The Covid-19 pandemic was the perfect moment for AI to, literally, save the world. There was an unprecedented convergence of the need for fast, evidence-based decisions and large-scale problem solving with datasets spilling out of every country in the world. For health care systems facing a brand new, rapidly spreading disease, AI was — in theory — the ideal tool. AI could be deployed to make predictions, enhance efficiencies, and free up staff through automation; it could help rapidly process vast amounts of information and make lifesaving decisions.
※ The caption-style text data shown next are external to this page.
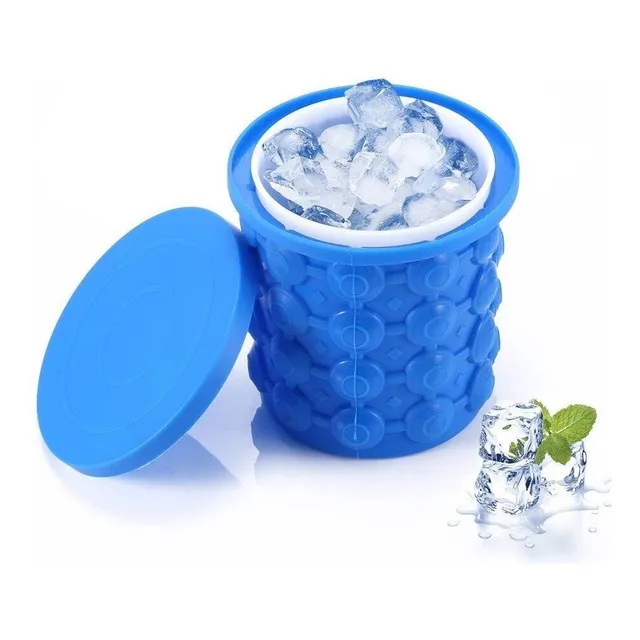 Hielera De Silicona Multiusos - Hielera
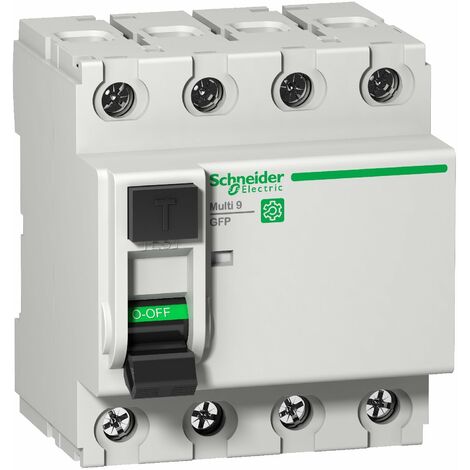 MULTI9 GFP 4P 63A 86MA A- SI TYPE 480Y/27 (M9R12463)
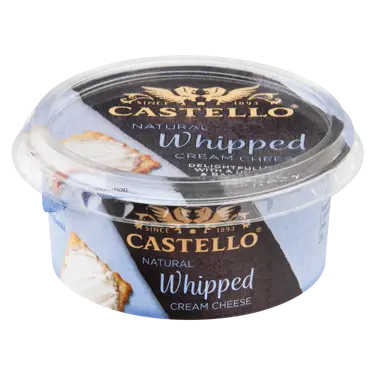 Castello Whipped Cream Cheese Natural 125g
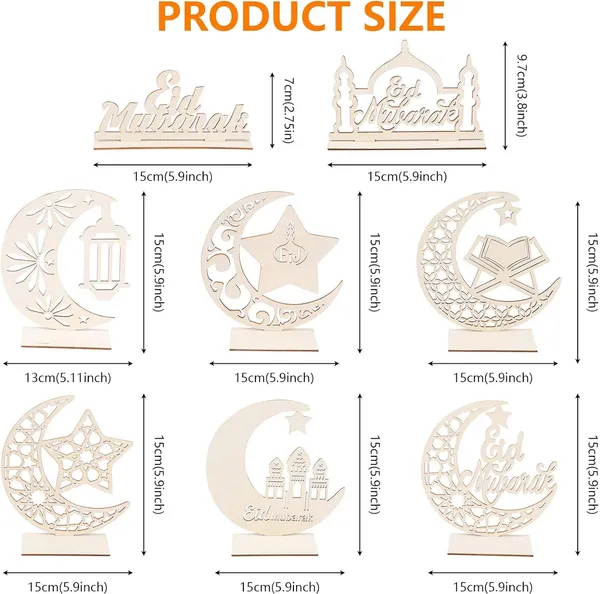 Beige_Eid_Mubarak_Wooden_Decor_Ramadan_Wooden_Plaque_Ornament_Home_Decor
Why AI Failed to Live Up to Its Potential During the Pandemic
The pandemic could have been the moment when AI made good on its promising potential. There was an unprecedented convergence of the need for fast, evidence-based decisions and large-scale problem-solving with datasets spilling out of every country in the world. Instead, AI failed in myriad, specific ways that underscore where this technology is still weak: Bad datasets, embedded bias and discrimination, susceptibility to human error, and a complex, uneven global context all caused critical failures. But, these failures also offer lessons on how we can make AI better: 1) we need to find new ways to assemble comprehensive datasets and merge data from multiple sources, 2) there needs to be more diversity in data sources, 3) incentives must be aligned to ensure greater cooperation across teams and systems, and 4) we need international rules for sharing data.